A afirmação de que são apenas os livros didáticos que se equivocam ao conceituar como sinônimo campo e rural não é verdadeira. No meio acadêmico há ainda um extenso e contínuo debate sobre o esclarecimento desses conceitos, que precisam ter um fluxo contínuo de reflexões, uma vez que se tratam de espaços em eterno processo de transformação e de múltiplas identidades, por isso a necessidade de uma discussão teórica acerca desses conceitos, e de entender que eles são transformados de acordo com a análise da realidade. Esclarecer esta diferença de usos das categorias rural e urbano e buscar definir-lhes um sentido é o objetivo deste ensaio interpretativo. Isto não significa uma pretensão ou busca de qualquer nova construção teórica mas, simplesmente, um esclarecimento terminológico, na tentativa de distinguir campo de rural, cidade de urbano. Importantes contribuições para o uso das expressões rural e urbano já foram fornecidas justamente pelos autores que aqui se pretende analisar. Porém, os mesmos que conseguiram realizar a dificílima tarefa de resignificar tais expressões e inseri-las como categorias analíticas em suas práticas discursivas, parecem continuar vítimas dos padrões de uma ciência moderna, reducionista e essencialista, que se manifesta em pequenos detalhes de sua linguagem, decisivos, contudo, no comprometimento e esvaziamento de sua mensagem. Por isso, no meio acadêmico continua-se a confundir campo com rural e cidade com urbano. (BIAZZO, 2008. p. 133 – 134)

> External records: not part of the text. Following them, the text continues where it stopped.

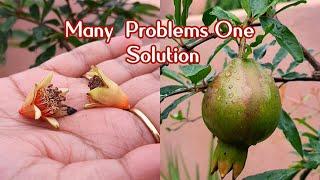 Pomegranate fruiting tips and care || Fertilizing || Monsoon Care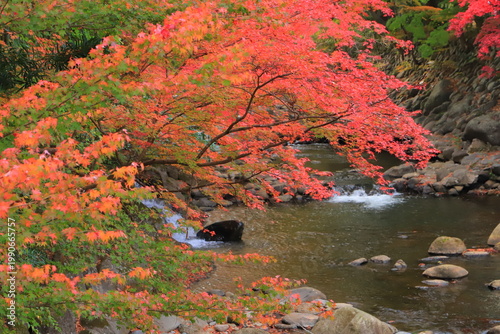 Photos 修善寺的楓葉，靜岡縣伊豆，日本
修善寺の紅葉,  静岡県伊豆, 日本
Autumn leaves in Shuzen-temple, Izu, Shizuoka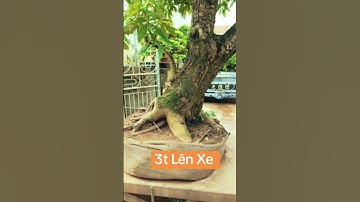 Siêu To Khổng Lồ... Lộc Vừng Hoa Đỏ #sanvuondep #bonsaitihon #bonsai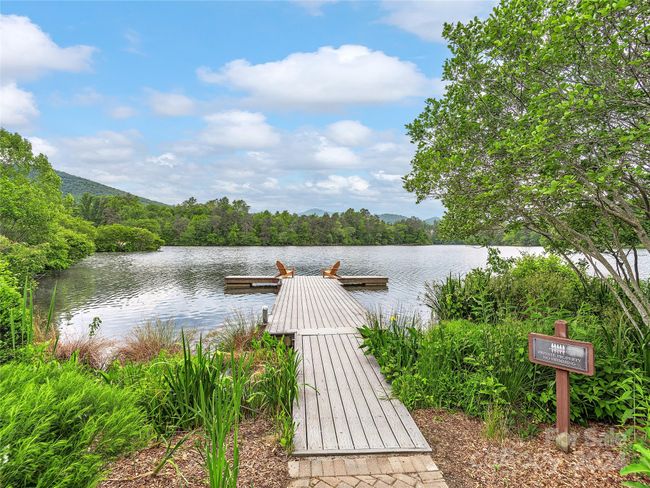 664 Wickhams Fancy Dr, House other with 6 bedrooms, 7 bathrooms and null parking in Biltmore Lake NC | Image 40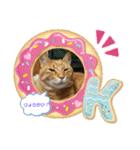 きなこ☆こむぎ（個別スタンプ：10）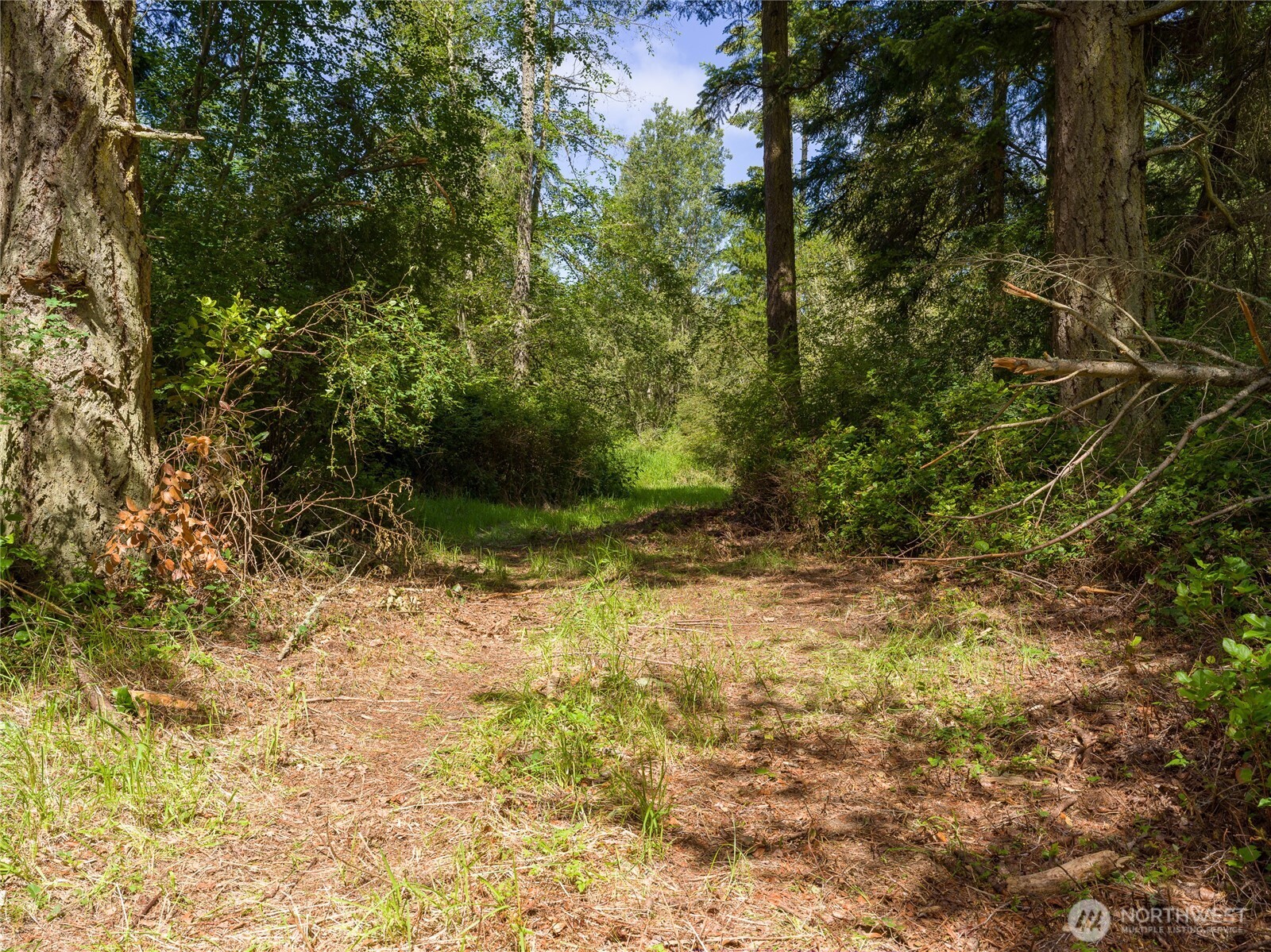 1486 Center Road Lopez Island, WA 98261 - Photo 3 of 12 a view of a yard with plants and large trees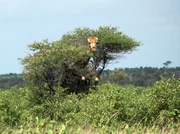 Im Krüger Park in Südafrika: Eine Giraffe schiebt den Kopf durchs Geäst einer Akazie.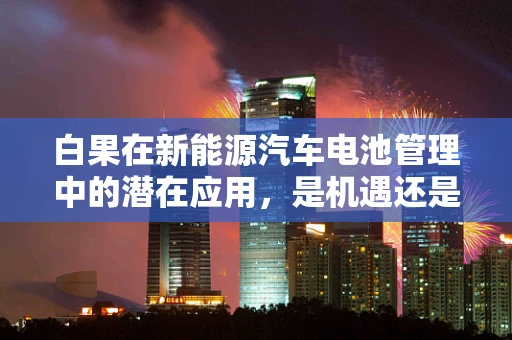 白果在新能源汽车电池管理中的潜在应用，是机遇还是挑战？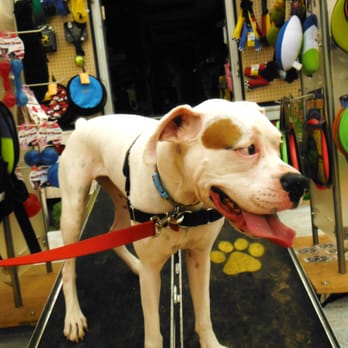 Great Outdogs - Pet Stores Near Me - Austin, Texas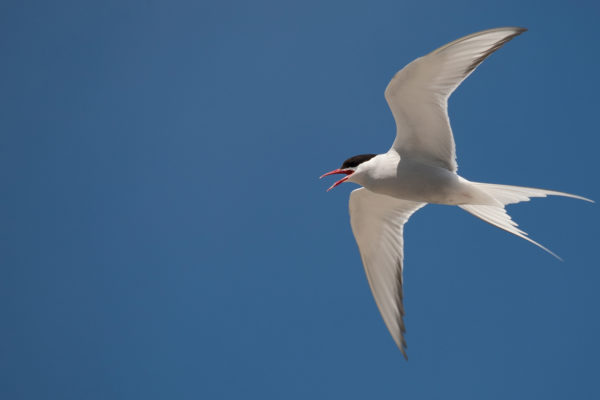 arctic-tern-in-flight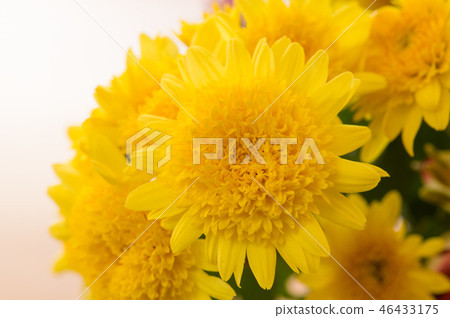 Double-flowered spray mum Double-flowered spray mum 46433175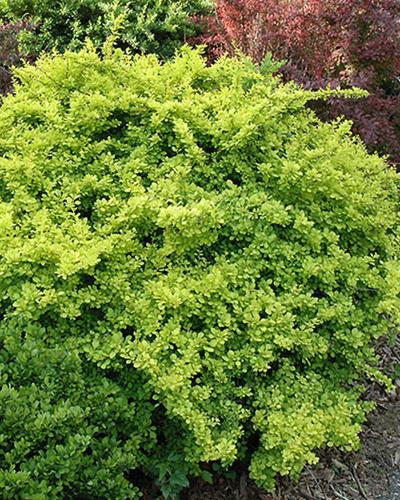 Barberry Golden 3 Gallon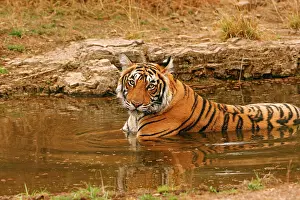 Bagh: Royal Bengal Tiger in the jungle pond, Ranthambhor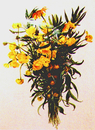 Trollblumen aus dem Moor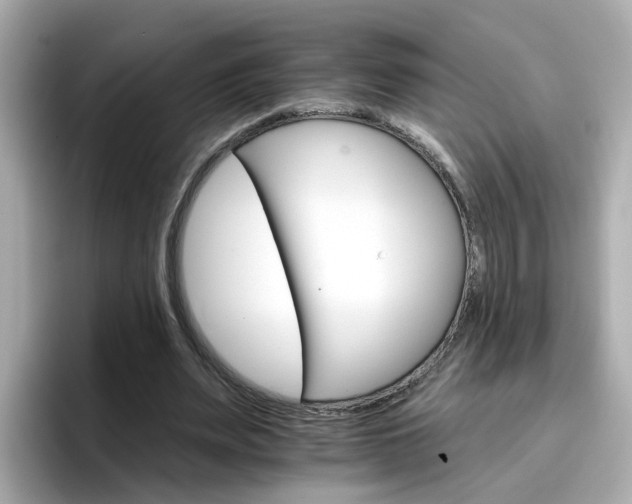 X0000096660487200802121134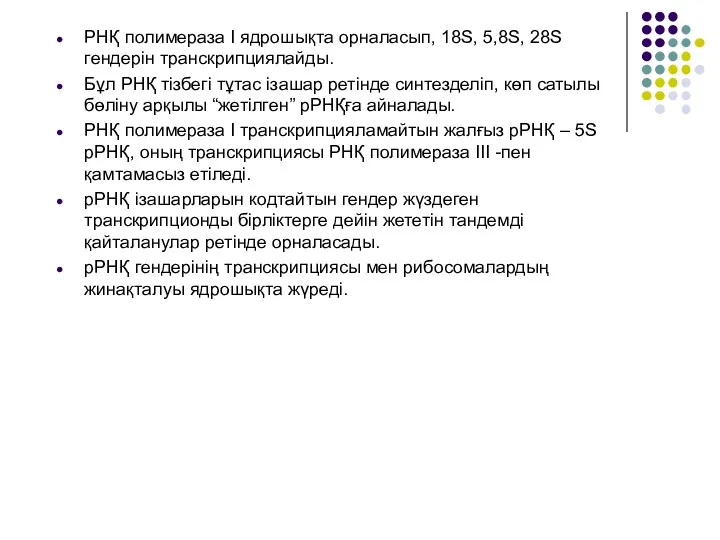 РНҚ полимераза І ядрошықта орналасып, 18S, 5,8S, 28S гендерін транскрипциялайды.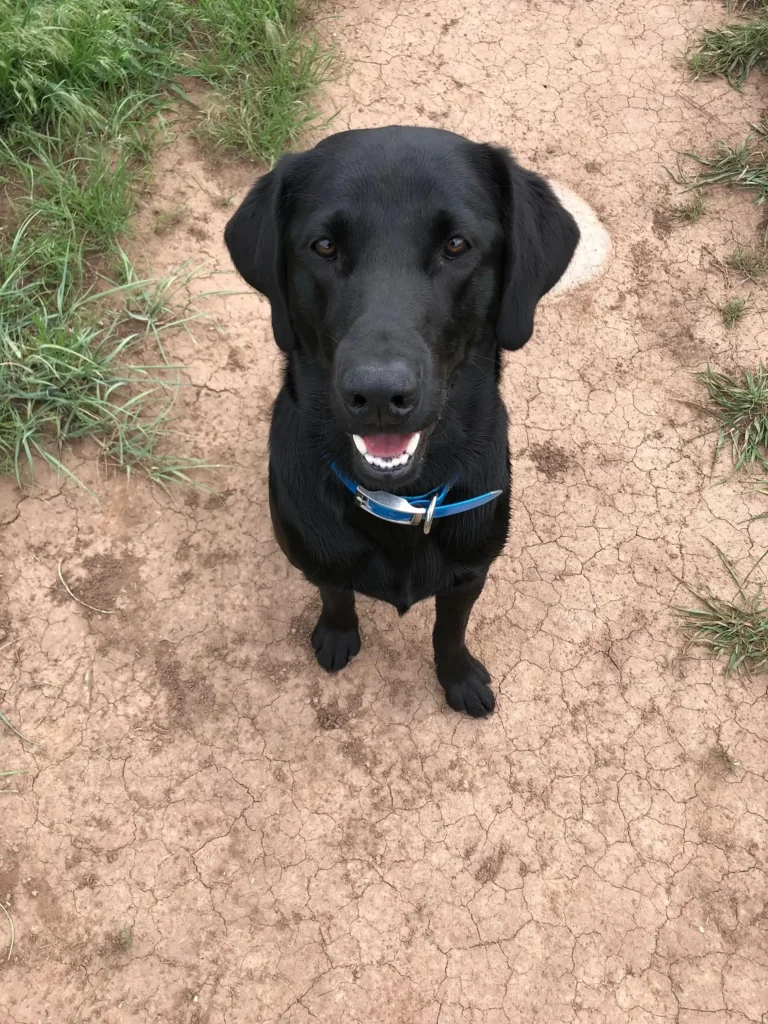 Hobbes, a black lab, sitting on a patch of dirt.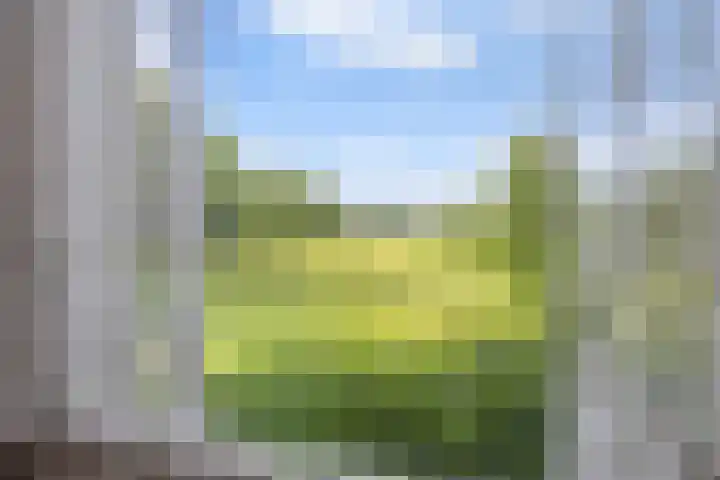 Hoeksterpaed 15 Hurdegaryp thumbnail 18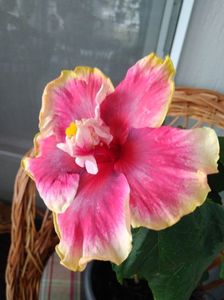 First bloom.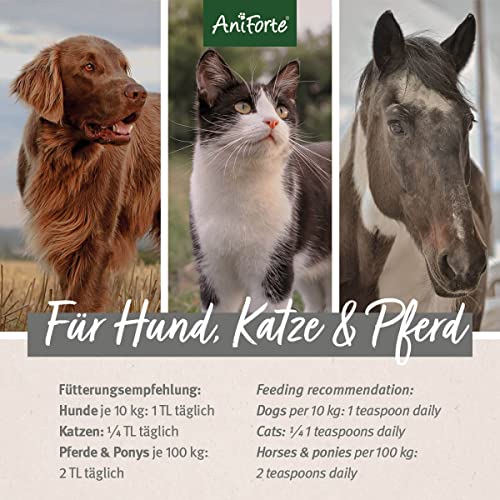 AniForte-Omega-3-Salmon-Oil-for-Dogs-Cats-Horses-1-Litre-Cold-Pressed-Rich-in-Omega-3-and-Omega-6-Fatty-Acids-Fish-Oil-Barf-Supplement-Natural-Pure-No-Additives-Easy-Dosage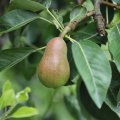 IMG_2037182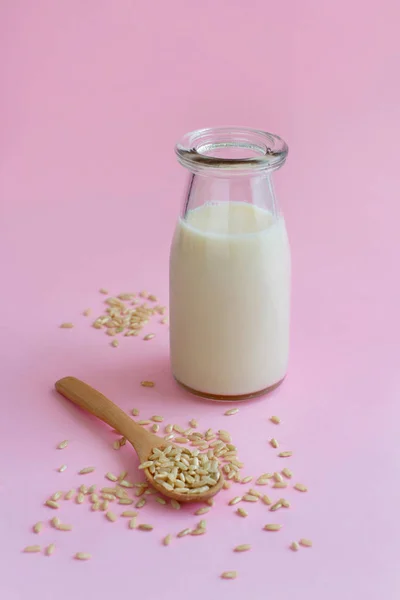 Lait végétalien de riz, lait alternatif non laitier — Photo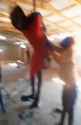 VID_20250613_081346_179_thumb.jpg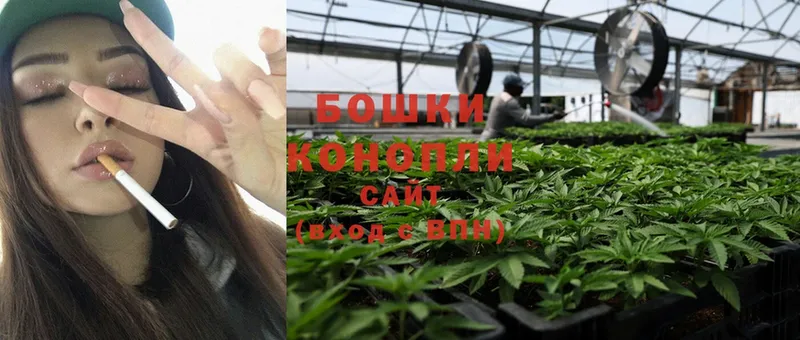 Канабис THC 21%  купить наркотики цена  Котельники 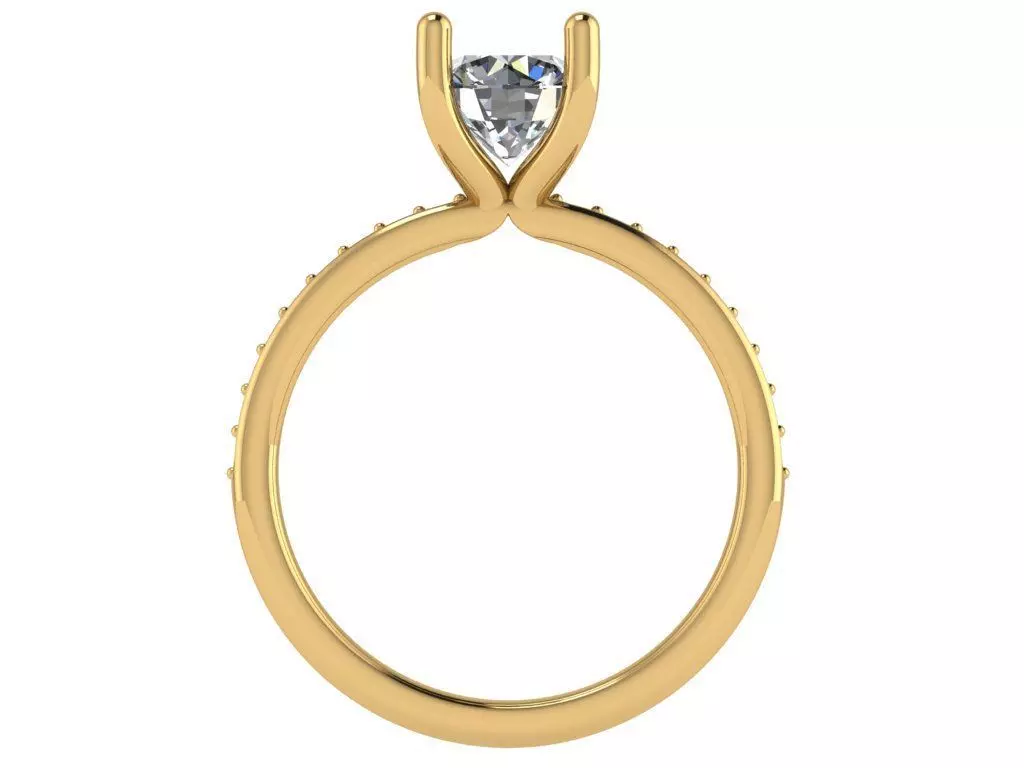 model 24 3D print model_1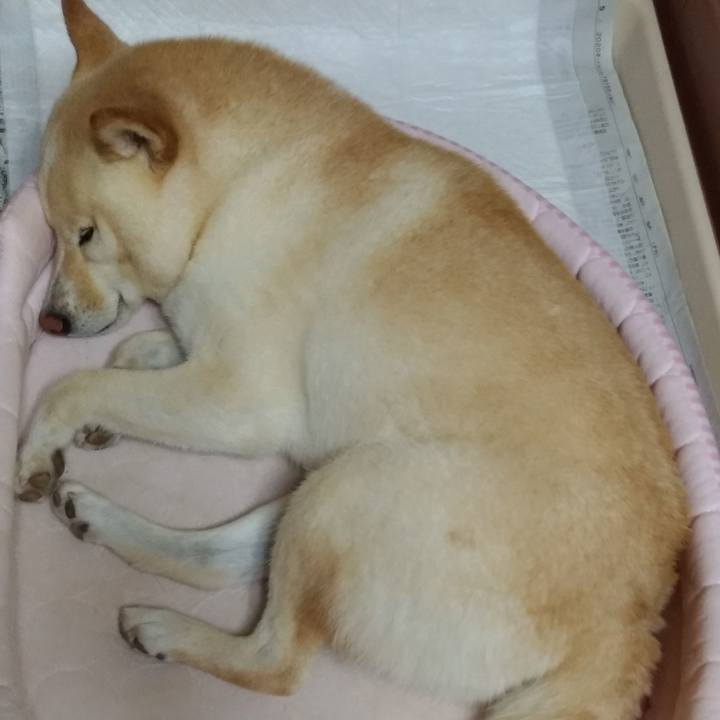 06d8f428 d3fd 4782 8ed6 8d932ea0c12a 1595510313779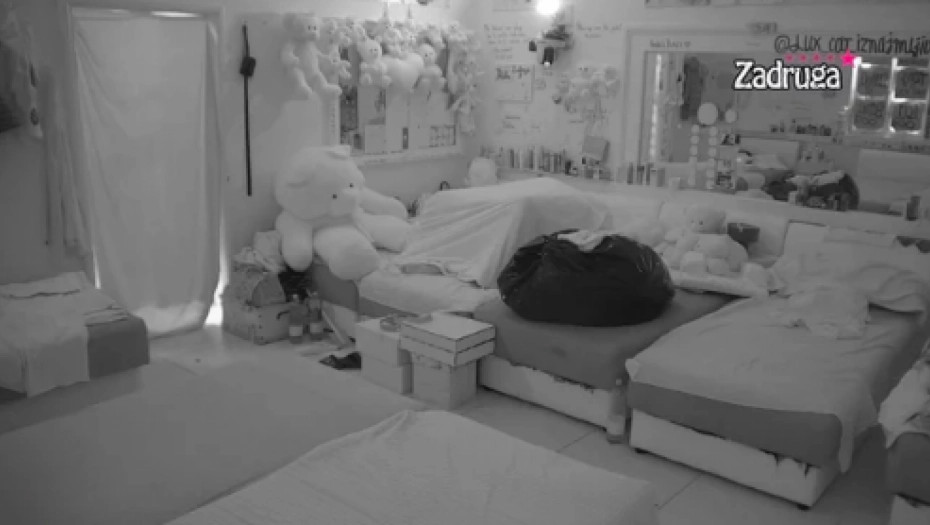 DALILA ORALNO ZADOVOLJAVALA FILIPA Zadrugari divljaju u prepunoj spavaćoj sobi, skandalozne scene se*sa u rijalitiju (VIDEO +18)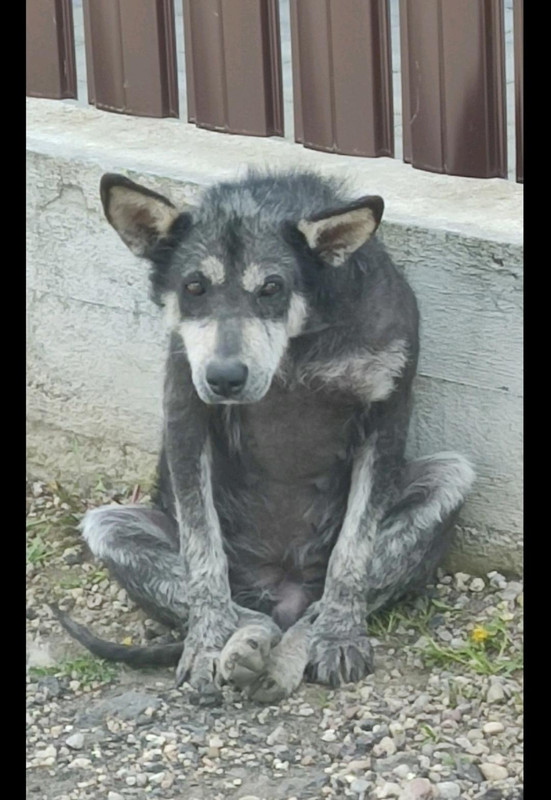 4DAD1C6A-76B5-4668-BB2D-8E6AFE01D2AF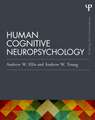 Human Cognitive Neuropsychology (Classic Edition): Selected Works of Jonathan St B.T. Evans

A partir da análise dos referidos livros didáticos, percebe-se que existem lacunas conceituais que induzem os professores a reprodução de estereótipos, o que dificulta que os alunos do segundo ciclo do Ensino Fundamental reflitam de forma crítica sobre esses espaços. O não debate sobre a construção e possibilidades conceituais leva a uma visão congelada da paisagem e acentua a ideia de rural e campo como sinônimos. Trazer para os livros didáticos do segundo ciclo do Ensino Fundamental conceitos atualizados e críticos, é permitir que os alunos percebam que estes são reflexo do real e que a realidade é dinâmica, ou seja, leva o discente a perceber que: [...] o conceito não se confunde com o real, ele é um reflexo do real, uma representação do real. Como ele é reflexo do real e uma representação desse, ele existe a posteriori dos objetos que representa. Já os objetos do mundo real existem independentemente dos conceitos. (LENCIONI, 2008. p. 111)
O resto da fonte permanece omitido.